Repeat every record exactly, but omit the images.

[Records drawn from a dataset]
⁂
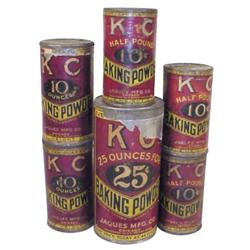 K C Baking Powder tins, 6 full cans w...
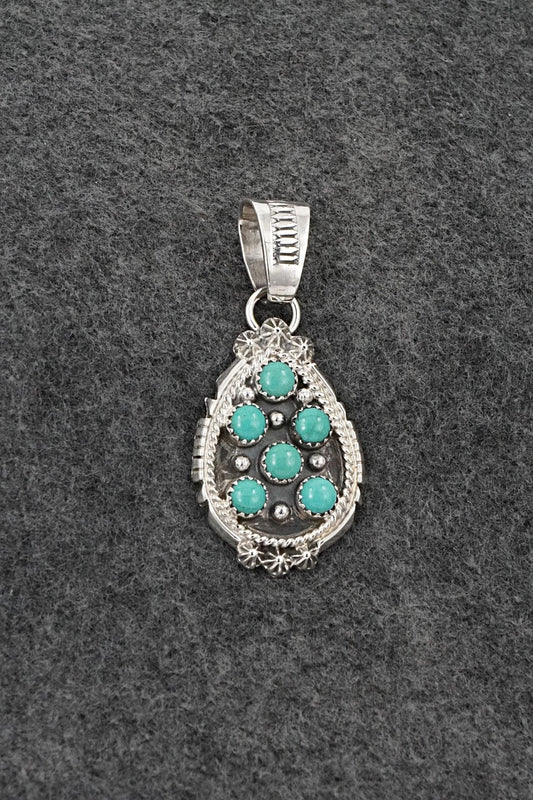 Turquoise & Sterling Silver Pendant - Kenny Lonjose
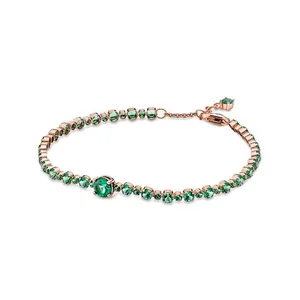 Fina jóias autêntica 925 esterlina prata prata encaixar pandora charme pulseiras link verde espumante pavimentar tênis cadeia de segurança pingente diy grânulos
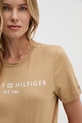 Bavlněné tričko Tommy Hilfiger WW0WW40276 béžová AW25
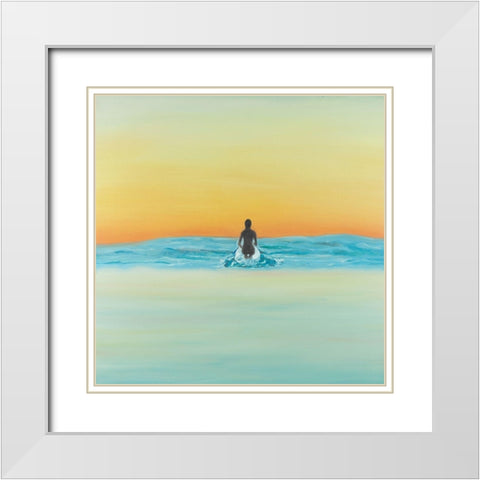 A Surfer Swimming by Dawn White Modern Wood Framed Art Print with Double Matting by Atelier B Art Studio
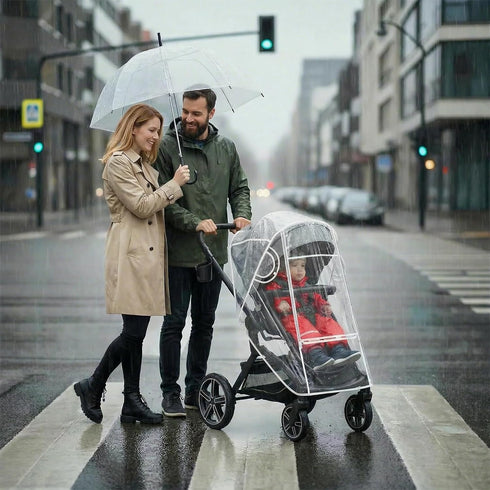 Universal Stroller Rain Cover Compatible with Graco, Waterproof Stroller Cover - Clear Weather Shield, Breathable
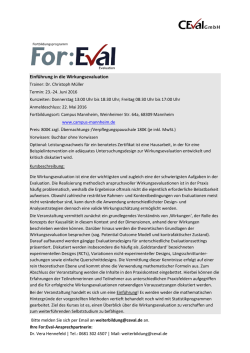 Einf&uuml;hrung in die Wirkungsevaluation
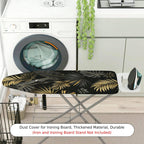 1-Piece Tropical Leaves Black Gold  Ironing Board Cover, Universal Size, Without Board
⁂
* EXPECTED OUTPUT:
 K C Baking Powder tins, 6 full cans w...
 Turquoise & Sterling Silver Pendant - Kenny Lonjose
 Fina jóias autêntica 925 esterlina prata prata encaixar pandora charme pulseiras link verde espumante pavimentar tênis cadeia de segurança pingente diy grânulos
 Bavlněné tričko Tommy Hilfiger WW0WW40276 béžová AW25
 A Surfer Swimming by Dawn White Modern Wood Framed Art Print with Double Matting by Atelier B Art Studio
 Universal Stroller Rain Cover Compatible with Graco, Waterproof Stroller Cover - Clear Weather Shield, Breathable
 Einf&uuml;hrung in die Wirkungsevaluation
 1-Piece Tropical Leaves Black Gold  Ironing Board Cover, Universal Size, Without Board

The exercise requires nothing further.